Despite opposition from his chief civil clerk, Zhang Zhao, Sun Quan still appointed Ling Tong to lead the vanguard force, Lü Meng to be the naval commandant, and Zhou Yu as Front Commander to regulate the operation. The campaign had two main objectives: elimination of Huang Zu, who was responsible for the death of Sun Quan's father Sun Jian at the Battle of Xiangyang; and conquest of Jiangxia, which stood in Sun Quan's path to dominating Jing Province (covering present-day Hubei and Hunan).

==The battle==

===Initial clashes===
In response to Sun Quan's aggression, Huang Zu assigned his general Zhang Shuo as the vanguard, and Chen Jiu as the admiral, but he would stay behind the high walls of Jiangxia to avoid conflict in the frontline. Before the battle started, Zhang Shuo led his troop on a large vessel to reconnoitre the riverbank, but was located by Ling Tong, who was also scouting the area. At the time, Ling Tong only had tens of his closest warriors on a light vessel, yet he was able to climb Zhang Shuo's vessel probably under the cover of nightfall or the disguise as Zhang's own men, and surprised his enemy. Zhang Shuo was slain by Ling Tong, and his mariners were captured.

===Deadlock===
Upon hearing the news that Zhang Shuo had been killed, Huang Zu immediately ordered Chen Jiu to block the entrance of Miankou River with two of his largest capital ships (mengchong) covered with ox-hide at the choke point. In addition, Huang had strong men and archers positioned on top of the cliff next to the river to throw down rocks and fire on large enemy vessels. To bring down Huang Zu's mengchongs, Zhou Yu sent out his large vessels, but they were blocked by the rocks thrown down from the cliff. After several hours of fighting, Zhou Yu realized that he could not advance against the heavy crossfire from the mengchongs.

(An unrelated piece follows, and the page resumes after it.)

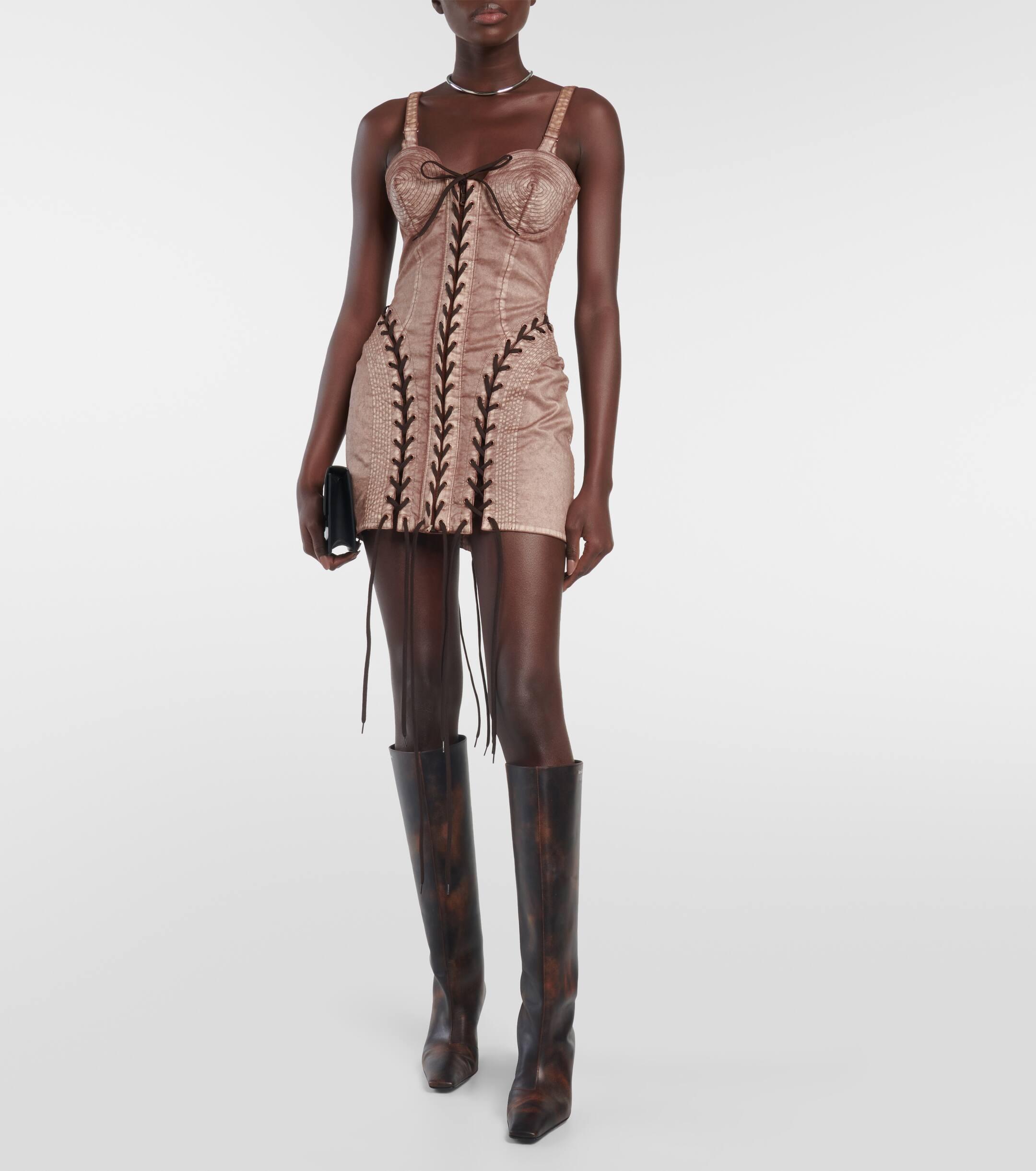 with jean brown corset dress Rayna Dress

===Fall of the great capital ships===
To change the tide of battle, Zhou Yu had Ling Tong and Dong Xi, along with 100 "die-hard" soldiers, don two suits of armour each and charge towards the enemy despite the crossfire. Through fierce fighting, Ling and Dong finally succeeded in breaking the connections between the two vessels, and the downfall of the mengchongs inspired the fighting spirit of Sun Quan's forces. Lü Meng even participated in melee combat, and killed Chen Jiu in a duel. With the admiral gone, Huang Zu's massive navy was annihilated by Sun Quan's smaller forces. Meanwhile, Ling Tong, Dong Xi and others led a separate command to capture Jiangxia and massacring his population, achieving this before the naval victory.

===Doom of Huang Zu===
Unable to resist Sun Quan's forces, Huang Zu fled the city, but was caught up and killed by a horseman named Feng Ze. His head was specifically requested by Sun Quan to be placed inside a container for examination. After receiving Huang Zu's head, Sun Quan presented it as a sacrifice at his late father Sun Jian's temple.

==Aftermath==

===Conflict between Ling Tong and Gan Ning===
With Huang Zu killed, Sun Quan had taken his revenge; however, Ling Tong's father, Ling Cao, was killed by an arrow fired by Gan Ning during the previous Battle of Xiakou, and had not been avenged. Thus, Ling Tong would attempt to provoke Gan Ning during a banquet held in Lü Meng's house some time later. In the end, Sun Quan settled this conflict by "exiling" Gan Ning to Half Island, which Ling Tong perceived as fair.

===Abandonment of Jiangxia===
Liu Biao's son Liu Qi wanted to succeed Huang Zu's position, and went east after Sun Quan took away the captives. However, Liu Qi was not allowed the time to solidify his control over Jiangxia because northern Jing Province had been incorporated into Cao Cao's domain without much resistance after his father died of illness. Therefore, Liu Qi stationed his troop at Han Ford, where he met Liu Bei, who was escaping from Cao Cao's pursuit, they then joined forces and went to Xiakou to ask help from Sun Quan. As Jiangxia was famous for being the cradle of the Huang clan, Sun Quan gave up on holding on to the city after he received news that Cao Cao had acquired northern Jing Province. Liu Biao's general Wen Ping, who defected to Cao Cao after Liu's death, became the new governor of Jiangxia.